▶ Provided material:
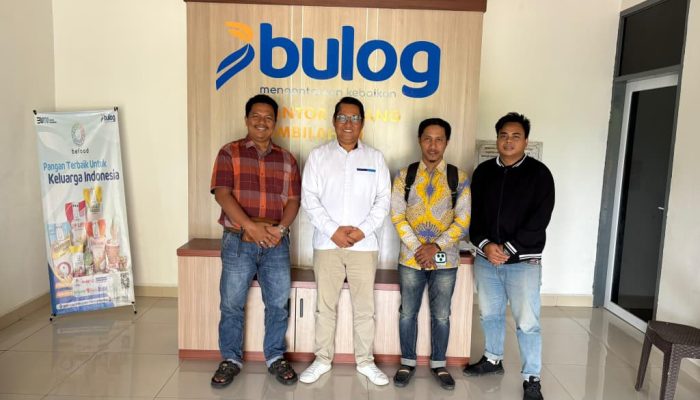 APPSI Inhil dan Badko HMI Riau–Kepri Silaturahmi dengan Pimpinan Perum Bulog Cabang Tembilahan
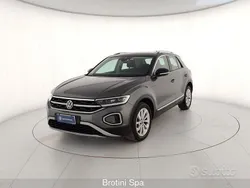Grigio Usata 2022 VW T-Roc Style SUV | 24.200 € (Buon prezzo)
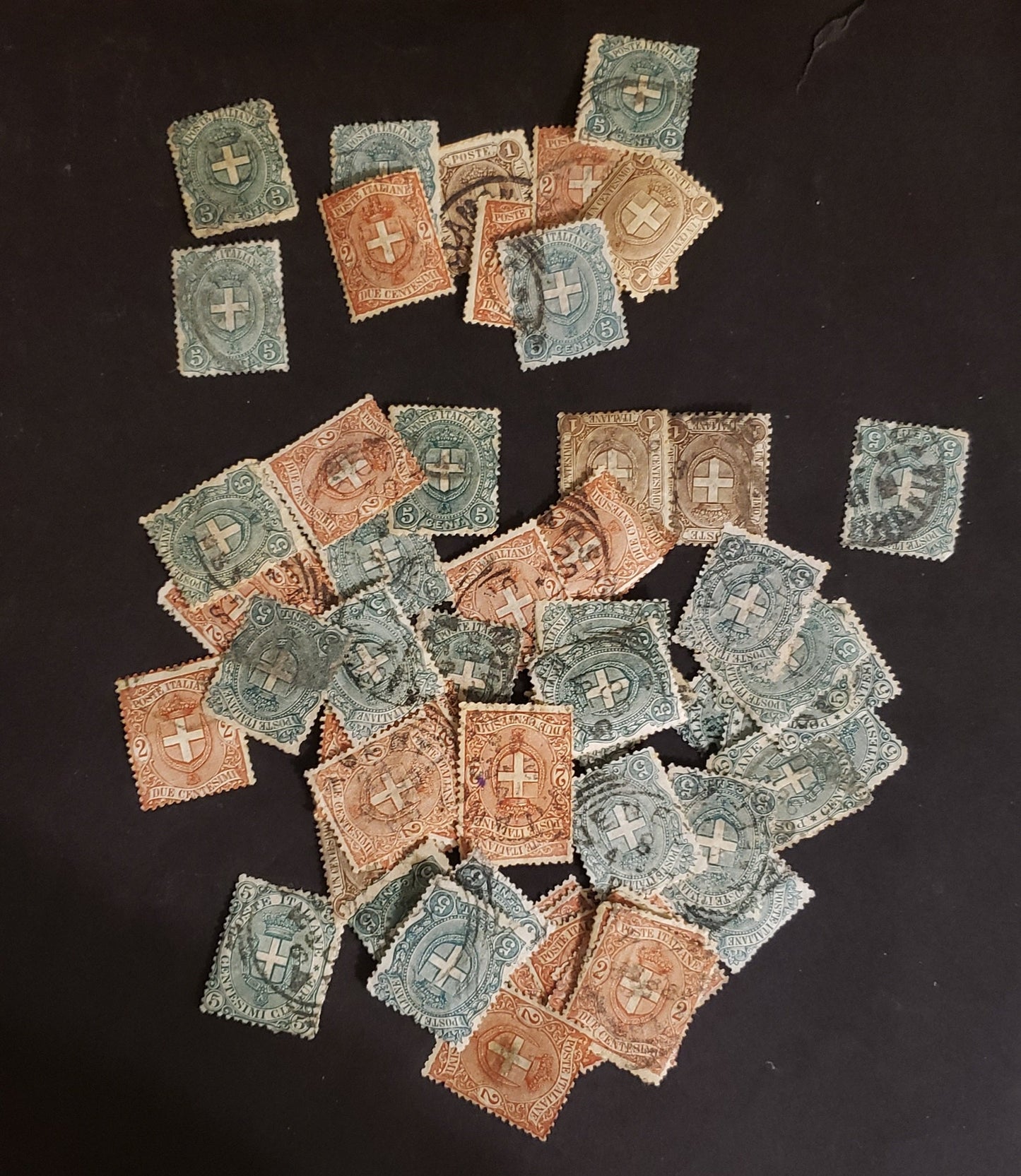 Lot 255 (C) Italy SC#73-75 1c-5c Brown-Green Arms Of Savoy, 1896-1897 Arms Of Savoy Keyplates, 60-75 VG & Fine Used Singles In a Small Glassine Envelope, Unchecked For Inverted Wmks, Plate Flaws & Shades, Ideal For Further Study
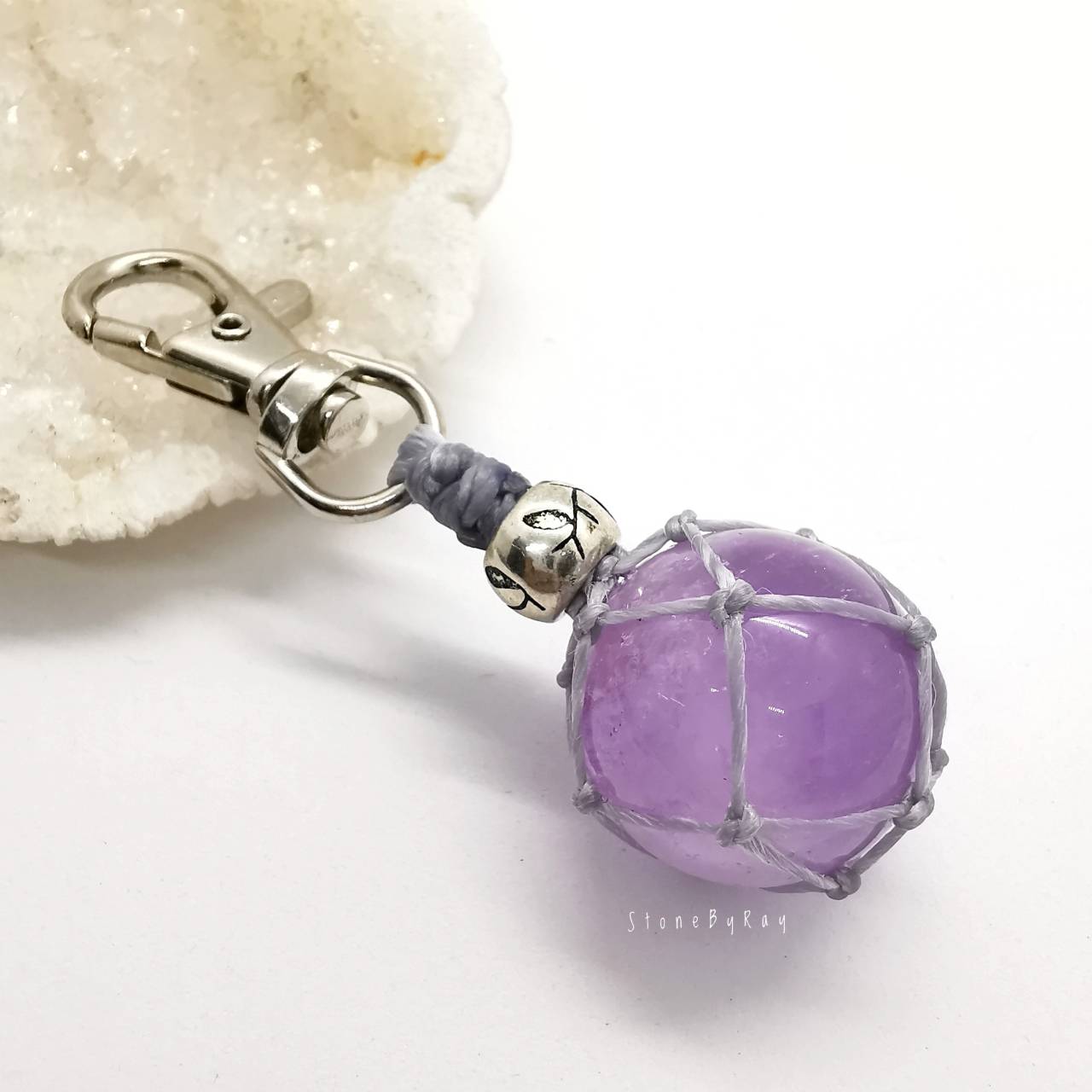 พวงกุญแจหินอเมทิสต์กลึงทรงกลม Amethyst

▶ Task brief: Only an exact copy is wanted: the lines from the opening of the material through the line that has "Grigio Usata 2022", minus any pictures.

▶ Output below:
 APPSI Inhil dan Badko HMI Riau–Kepri Silaturahmi dengan Pimpinan Perum Bulog Cabang Tembilahan
Grigio Usata 2022 VW T-Roc Style SUV | 24.200 € (Buon prezzo)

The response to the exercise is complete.